# BULK FEATURE EXTRACTION OF THE SYNTHETIC RV CURVES WITH `cesium`

In this notebook we do the bulk feature extraction with `cesium` for the RV curves in the synthetic Datasets 4 that will be used for validation.

**IMPORTANT NOTE:** this code is probably not very efficient (for example, too many dataframe `append` operations, which is costly), but there is no special need at the moment to be more efficient.

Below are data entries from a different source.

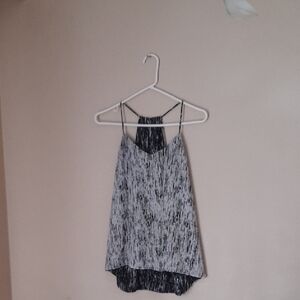 Black and White Textured Strappy Tank Top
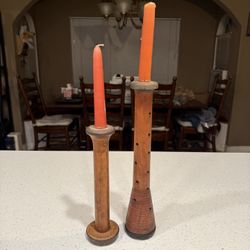 Primitive Folk Art Wooden Candlesticks – Hand Turned, Rustic Décor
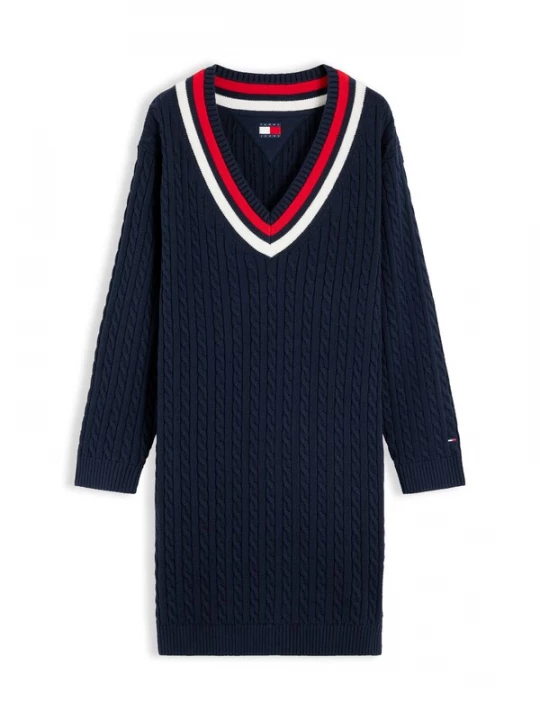 Obrázek produktu Tommy Jeans Úpletové šaty námořnická modř / jasně červená / bílá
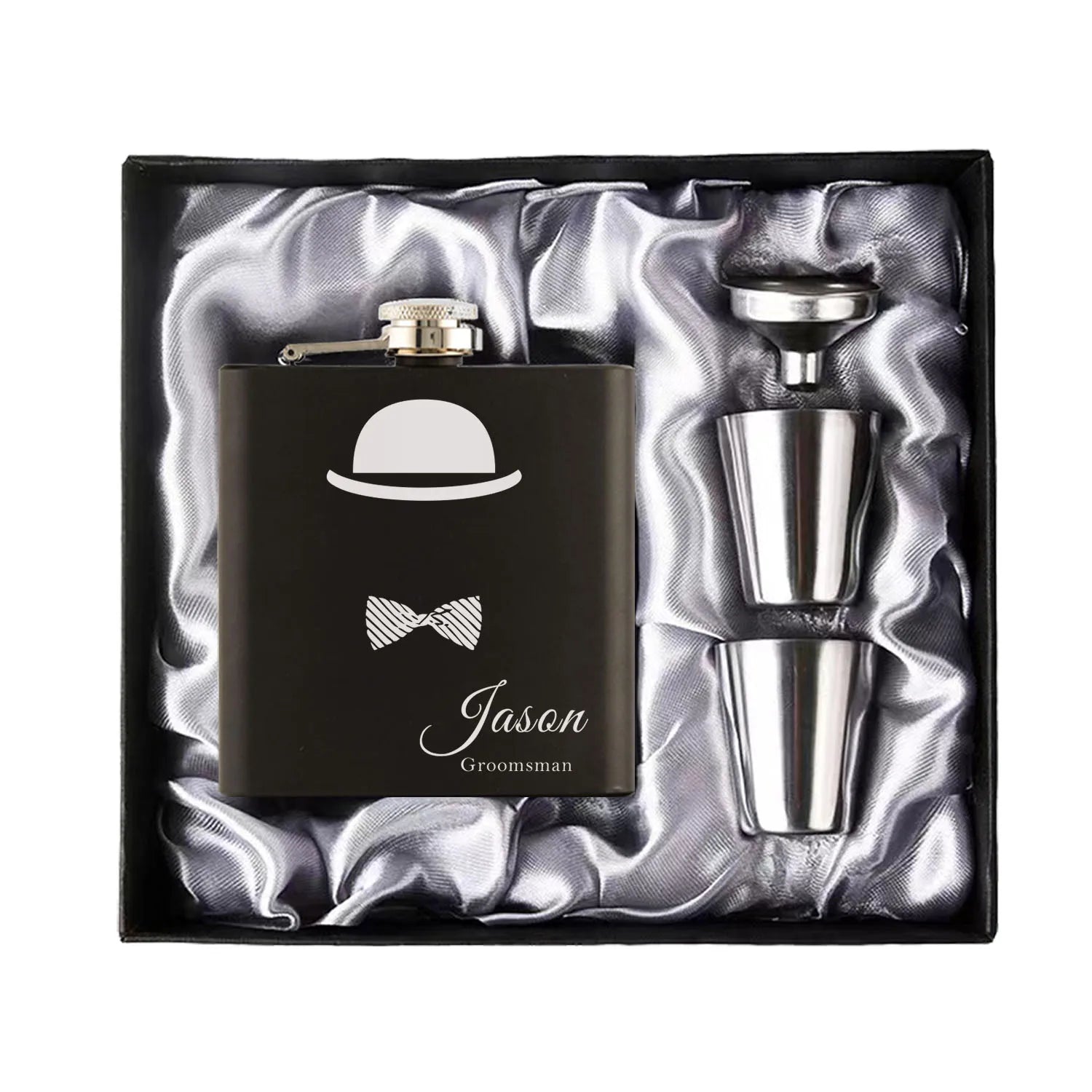 Personalized 6oz Hip Flask Set | Custom Name & Logo | Groom, Best Man & Groomsmen Gift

Maybe the solution is to create a 2D numpy array and then, only at the end, create the DataFrame.

## Modules and configuration

### Modules

In [1]:
# Module import:
import warnings
import time

import pandas as pd
import numpy as np

from cesium.data_management import TimeSeries
from cesium.featurize import featurize_single_ts

### Configuration

In [2]:
NUM_VAL_DS = 20 #Number of validation datasets


#SYNTH_FILE = "../data/RV_DATASETS/RV_All_GTO_SyntheticDatasets.csv"
RV_DS_FOLDER = "../data/VAL_DATASETS/"

CS_FEATURES_FOLDER = "../data/DATASETS_CESIUM/"
OUT_DATASET_GEN_FILE = "cesium_VAL_DS<number>_Dataset.csv"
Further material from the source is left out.